Pak court asks govt to let Sharif return
Pakistan's top judge yesterday ordered the government to allow Nawaz Sharif to return home, saying its deportation of the former prime minister in September violated an earlier court ruling.
Hundreds of Sharif's supporters clapped and shouted slogans against military ruler President Pervez Musharraf outside the Supreme Court after the move by chief justice Iftikhar Muhammad Chaudhry.
The judge also accused current premier Shaukat Aziz of disobeying the Supreme Court's orders when Sharif was put onto a plane to Saudi Arabia on September 10, hours after ending his seven-year exile.
Chaudhry, a thorn in the government's side since Musharraf tried to sack him earlier this year, had ruled on August 23 that Sharif had an "inalienable right" to come home and told authorities not to hinder him.
"The judgment passed by this court is very much intact... and is required to be implemented in letter and spirit," Chaudhry told the court as he adjourned a hearing on appeals against the deportation until November 8.
"There was a clear-cut violation of our judgment."
Sharif's party said earlier this month that he would make a fresh attempt to come home in November, following the return from exile on October 18 of his political rival and fellow former PM Benazir Bhutto.
The chief justice earlier expressed anger that in the days just before Sharif was sent packing, "steps were being taken to violate the orders of this court by the prime minister (Aziz)."
The court received a written statement from the top official in the foreign ministry, Riaz Mohammad Khan, saying that he received "verbal instruction" from Aziz for a special aircraft to be waiting at Islamabad on September 10.
The chairman of Pakistan International Airlines, Zafar Khan, also said in a statement that he was given orders to make arrangements for a "VVIP" flight to Jeddah in Saudi Arabia.
Chaudhry told the government attorney general, Malik Muhammad Qayyum, to tell him "whom should the court summon for prosecution" over the apparent contempt of court caused by Sharif's deportation.

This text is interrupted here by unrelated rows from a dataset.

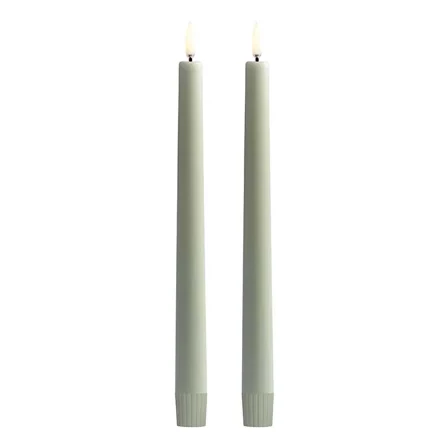 LED Spitzkerzen im 2er-Set, Sage Green, 2,3x25cm kerze, duo-kerzen, langkerze, zweier-kerzen, stumpf?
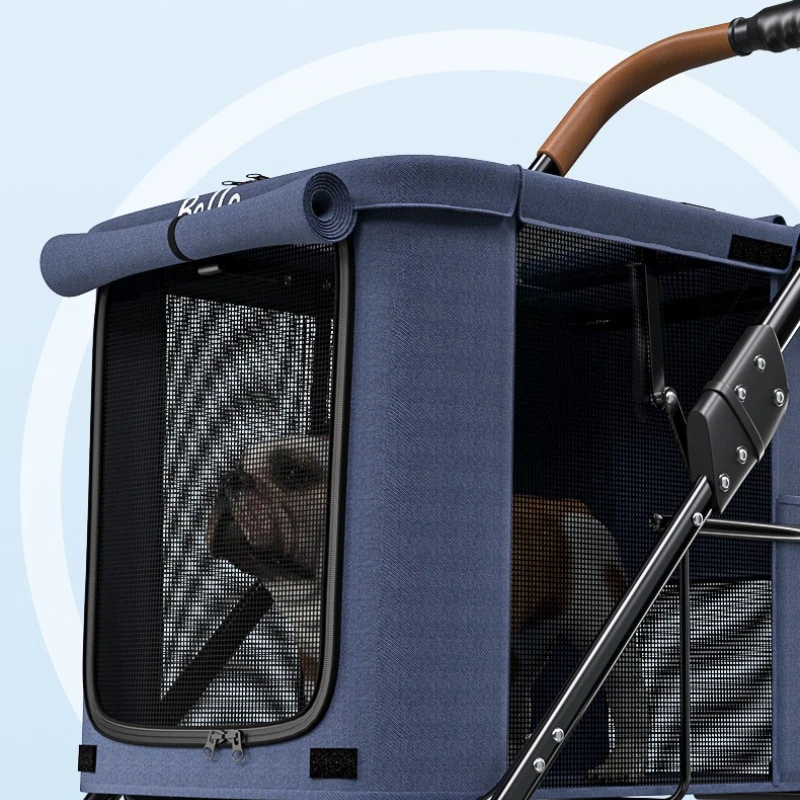 Carros para mascotas múltiples Carros grandes para perros Gran espacio plegable de 60 kilómetros para uso en exteriores Cochecitos para mascotas - imagen 3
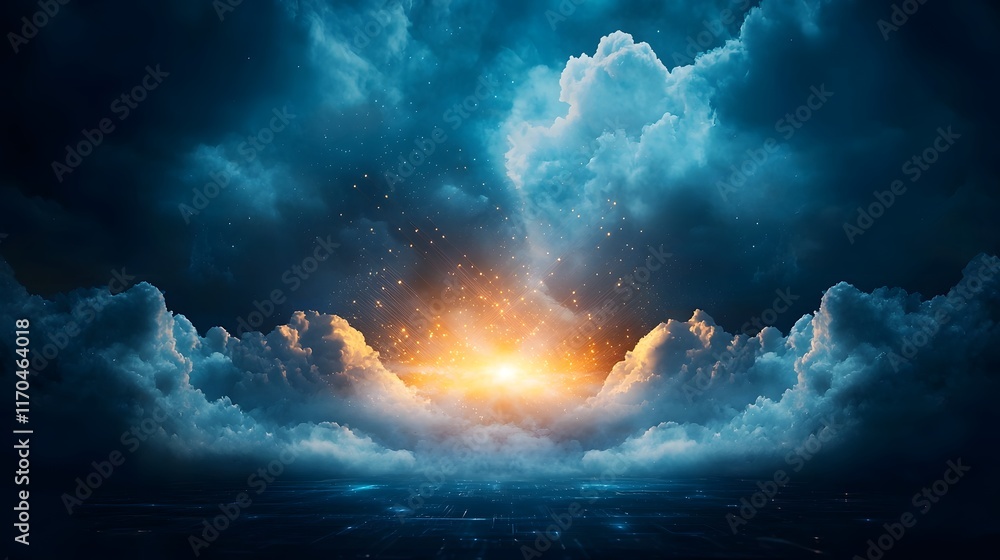 Aufkleber quantum computer processing massive datasets in the cloud with luminous data clusters and entangled 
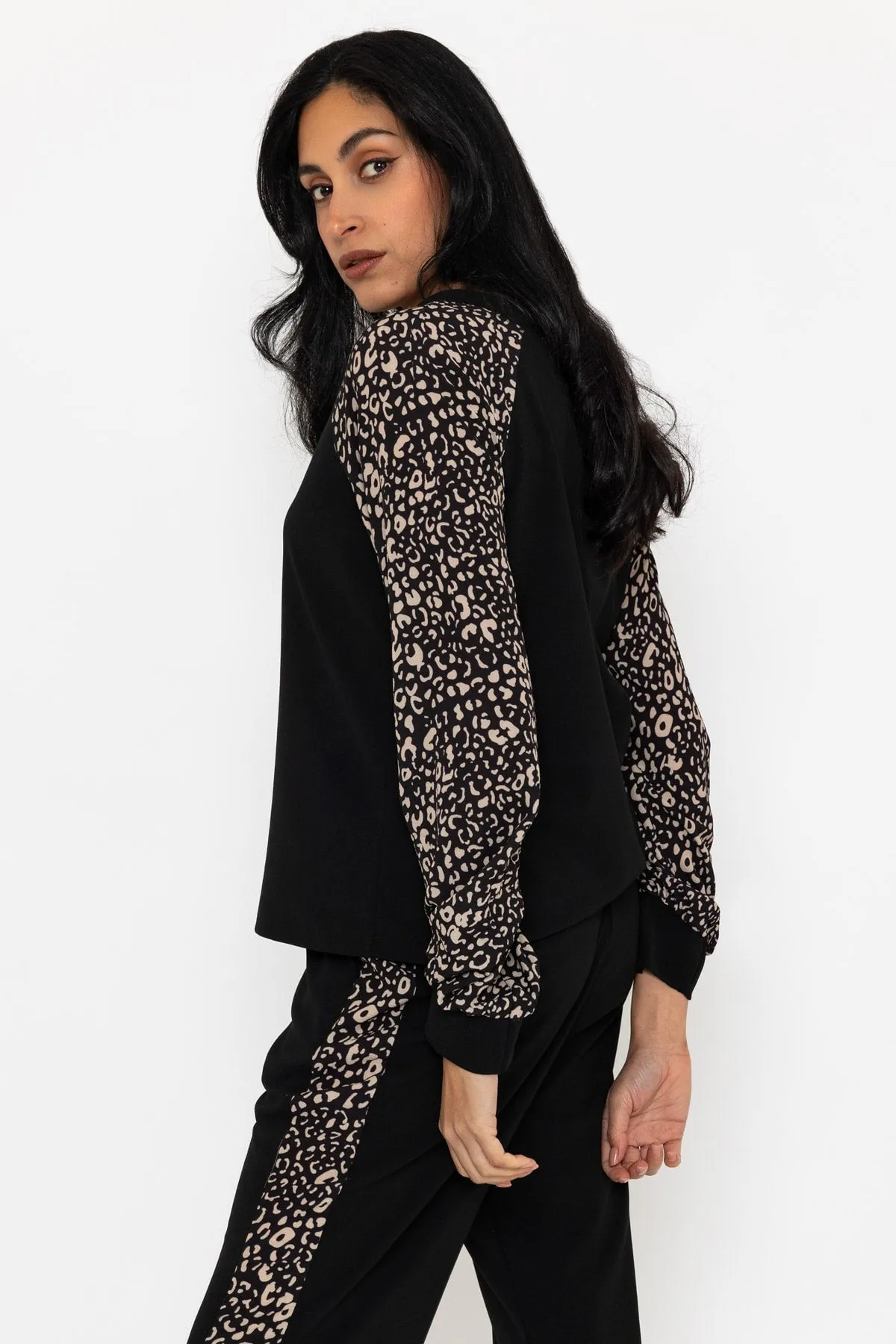 Leopard Print Contrast Sleeve Top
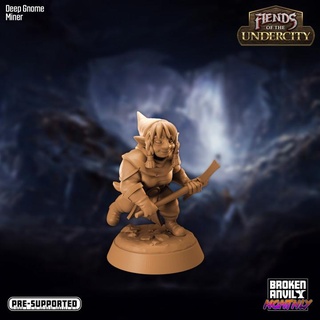 fiends undercity - deep gnome miner broken anvil miniatures Tabletop Characters & Creatures Fantasy Universe Store city tabletop underground dnd tabletopgames pickaxe dwarves subterranean cavern ttrpg 3d print model - Mito3D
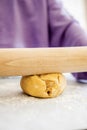 Kid\'s Hands Rolling Shortcrust Dough closeup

The attorney general said that he needed time to discuss the matter "at the highest level." Asked by the judge if that meant Aziz, he replied: "Even at a higher level than him."
Musharraf has been at loggerheads with the increasingly independent court since his botched attempt in March to sack Chaudhry, a move that sparked mass protests and turned the chief justice into a democracy icon.
Sharif was the man ousted by Musharraf in October 1999. He has lived in exile in Saudi Arabia and London ever since.